発達に支援が必要な子どもたちをサポートする兵庫県丹波篠山市の「市児童発達支援センターわかば」(旧畑小学校)が、開設から丸6年を迎えた。言語発達の遅れや集団生活に適応しづらいなど、さまざまな悩みを抱える子どもたちと保護者を支援しており、学校現場と連携した掘り起こしや職員の充足によって、必要な支援に応じて行われる各種教室などの実施件数は増加傾向。同センターは、「早期の支援が改善につながる。改善が緩やかであっても、子どもたちが自信を持って生活を送れるように支援していく。

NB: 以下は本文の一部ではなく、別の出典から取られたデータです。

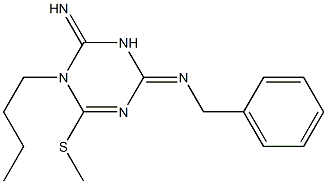 1-Butyl-2-imino-4-(benzylimino)-6-(methylthio)-1,2,3,4-tetrahydro-1,3,5-triazine Struktur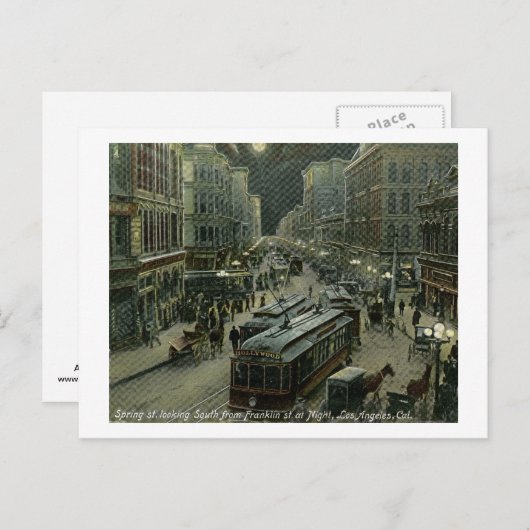 Spring St., Los Angeles, California 1908  Briefkaart (Voorkant / Achterkant)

ぜひ気軽に相談して」と話している。
指定管理者の社会福祉法人「わかたけ福祉会」が運営。保育士や言語聴覚士、作業療法士、臨床心理士など19人の職員が発達を支援している。
就学前の幼児を対象にした「発達支援保育」では、特性に応じたプログラムを展開。集団になじめない子どもに対して、小さな集団や個別で関わり、適応力を身につける。昨年度からは給食の提供や屋外遊戯場の利用も始め、食べることや遊ぶことを通した支援も行っている。
言語聴覚士が担当する「ことばの教室」は、言語の発達や発音に課題がある子どもが利用。文字が書かれた積み木などを使ったり、語彙力を高めるためにしりとりをしたりする。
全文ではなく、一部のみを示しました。